Un contexte de crise des céréales
Après plusieurs années de forte croissance, les marchés des grandes cultures bio ont ralenti en 2021, puis décru en 2022/23. La baisse de la demande, une focalisation sur le blé, culture refuge, rémunératrice, en Ile-de-France notamment et la surabondance non anticipée ont entrainé une chute des prix, au niveau des céréales conventionnelles. Parallèlement les charges explosent.
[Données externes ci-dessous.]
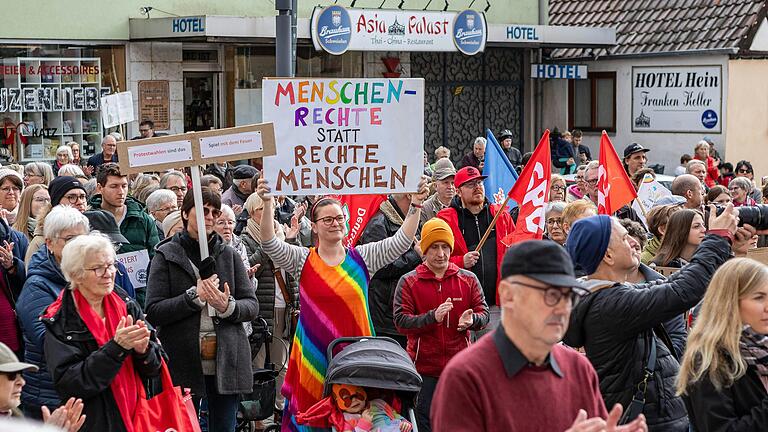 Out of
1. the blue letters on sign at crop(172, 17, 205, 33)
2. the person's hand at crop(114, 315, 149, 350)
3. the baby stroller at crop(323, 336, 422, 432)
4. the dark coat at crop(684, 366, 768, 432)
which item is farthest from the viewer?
the blue letters on sign at crop(172, 17, 205, 33)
Déclassement en conventionnel : Sur 2023/24, selon les prévisions de FranceAgrimer en décembre 2023, 123.000 tonnes de céréales produites en AB seraient déclassées en conventionnel, contre 30 503 tonnes pour 2022/23. Le stock de report de blé bio pour la campagne de 2023/24 est annoncé à 151 828 tonnes, en hausse de 8 % par rapport à la campagne passée et de 20 % par rapport à 2021/22. Sans la mise en place d'outils de régulation du marché, la tentation d’un retour au conventionnel ou d’un moindre engagement de surfaces en bio est une réalité.
Des objectifs politiques qui ne répondent pas aux besoins de la filière
18% de surfaces bio en 2027 ? Cet objectif de la France dans la PAC, correspond, pour les grandes cultures à 21% de surfaces en grandes cultures bio d’ici 2030, dans la SNBC. Ces objectifs ont été fixés sur la base du rythme de conversion des années 2015-2022 de 250000 ha bio en plus chaque année, porté par un marché avec une croissance annuelle supérieure à 10% et une PAC 2015 très incitative avec un système de financement pérenne (aide à la conversion puis aides au maintien). La France a déjà décroché de sa feuille de route 2027, dit la FNAB. L’essoufflement du marché depuis 2021, l’inflation, l’absence de politique de la demande (non atteinte des objectifs d’Egalim, absence de campagne de communication sur la Bio pendant 3 ans) et la focalisation des politiques de l’offre sur la transition uniquement ont conduit en 2022 au ralentissement de la dynamique de conversion avec 3 fois moins de surfaces bio en plus, que les années précédentes (75 000 hectares). Moins 66% de surfaces en plus en IDF sur la même période (GAB IdF). Il y incohérence entre l’effet souhaité à long terme et le résultat à court terme : financer 5 ans de conversion (1750 euros/ha) pour que s'ensuive une déconversion n'est pas rentable. D'autant que ces mêmes hectares seront à re-convertir éventuellement dans 5 ans, car ces agriculteurs garderont la fibre biologique : double peine économique. Un soutien au prix de vente (prix d'intervention à fixer) serait un investissement bien moins coûteux. Réguler les stocks bio éviterait de gaspiller l'argent public.
Pas de soutien à la consommation BIO
Méconnaissance du Bio pour les consommateurs, confusion des labels encouragée dans les magasins et par les pouvoirs publics, recul du bio au profit du local dans les rayons, entretien médiatique des idées reçues sur le prix et l’accessibilité aux produits bio… Une législation EGAlim non respectée. En Ile de France, la Région prend en charge 80% du coût de la certification Bio, a augmenté de 10 centimes sa contribution par repas pris par les lycéens (équivalent à 2.2M€ , elle a doublé l’aide – minime, 66000 euros en IDF - obtenue via le premier plan d’urgence. Preuve que c’est possible.